December 6, 2011 at 5:50 am
honza.mf (12/6/2011)
Probably I will use right joins and nested joins only in case of self-defense. I prefer the readability and I think from left to right.
Absolutely true. This question was intended to illustrate how a real-life problem sometimes forces you to choose the lesser of two evils. Both nested joins and right outer joins reduce readability and ease of understanding of a query - so pick your poison. I have been in this position a few times, and whatever I chose, I always felt it was not the optimal choice.

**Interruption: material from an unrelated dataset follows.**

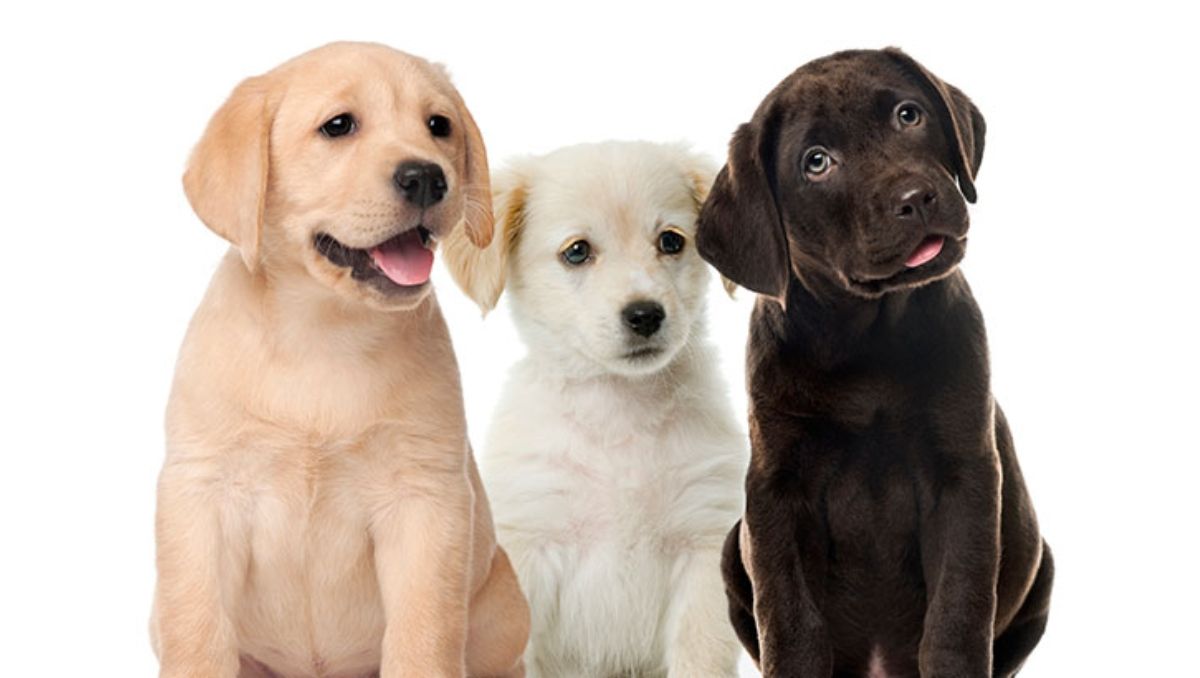¿Pueden los perros distinguir el idioma de los humanos?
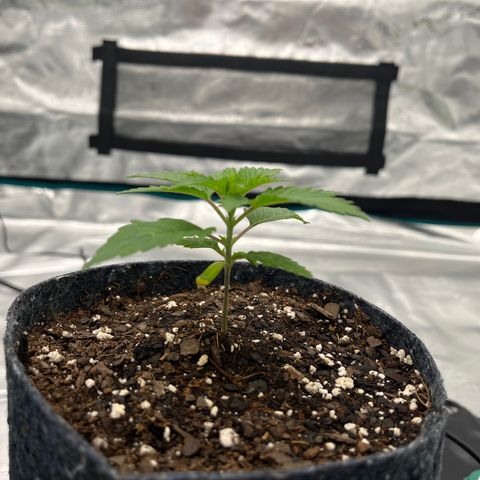 Pineapple Express P3 growlog photo: 5pm- 2.75”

BTW, now that I no longer have to support SQL Server 2000, I can use a better solution using a Common Table Expression:
WITH CustomersWithRecentOrders AS
(SELECT c.Name, o.OrderDate, c.SalesRep
FROM dbo.Customers AS c
INNER JOIN dbo.Orders AS o
ON o.CustomerID = c.CustomerID
AND o.OrderDate > DATEADD(month, -4, CURRENT_TIMESTAMP))

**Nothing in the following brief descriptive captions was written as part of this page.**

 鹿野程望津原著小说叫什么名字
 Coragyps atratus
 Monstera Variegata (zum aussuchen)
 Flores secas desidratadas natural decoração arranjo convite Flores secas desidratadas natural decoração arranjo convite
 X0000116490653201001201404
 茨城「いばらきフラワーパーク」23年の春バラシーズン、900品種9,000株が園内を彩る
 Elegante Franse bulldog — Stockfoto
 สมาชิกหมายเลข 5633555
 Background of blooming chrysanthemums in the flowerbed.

SELECT e.Name AS SalesRep, co.Name AS Customer, co.OrderDate
FROM dbo.Employees AS e
LEFT JOIN CustomersWithRecentOrders AS co
ON co.SalesRep = e.EmployeeID
WHERE e.Position = 'SalesRep';
Note that this query does NOT produce the exact same execution plan as the original, but it DOES produce the exact same results. And of all the options, I think this one is the most readable.
December 6, 2011 at 5:51 am
SQL Kiwi (12/6/2011)
Hi Hugo,Writing a question to demonstrate the equivalence of SQL expressions is very brave, so well done for that. Small point: in the explanation you say, "the only way to rewrite the query is to reverse the table order", but this code expresses the same SQL semantic I think:
Would this not work as well?
;WITH cte_Subquery AS
(SELECT c.SalesRep, c.Name, o.OrderDate
FROM dbo.Customers AS c
INNER JOIN dbo.Orders AS o
ON o.CustomerID = c.CustomerID
AND o.OrderDate > DATEADD(month, -4, CURRENT_TIMESTAMP))
SELECT e.Name AS SalesRep, s.Name AS Customer, s.OrderDate
FROM dbo.Employees AS e
LEFT JOIN cte_Subquery AS s
ON e.EmployeeID = s.SalesRep
WHERE e.Position = 'SalesRep';
I always go with CTEs in this situation when possible, but I would love to know if I'm off the mark on this one.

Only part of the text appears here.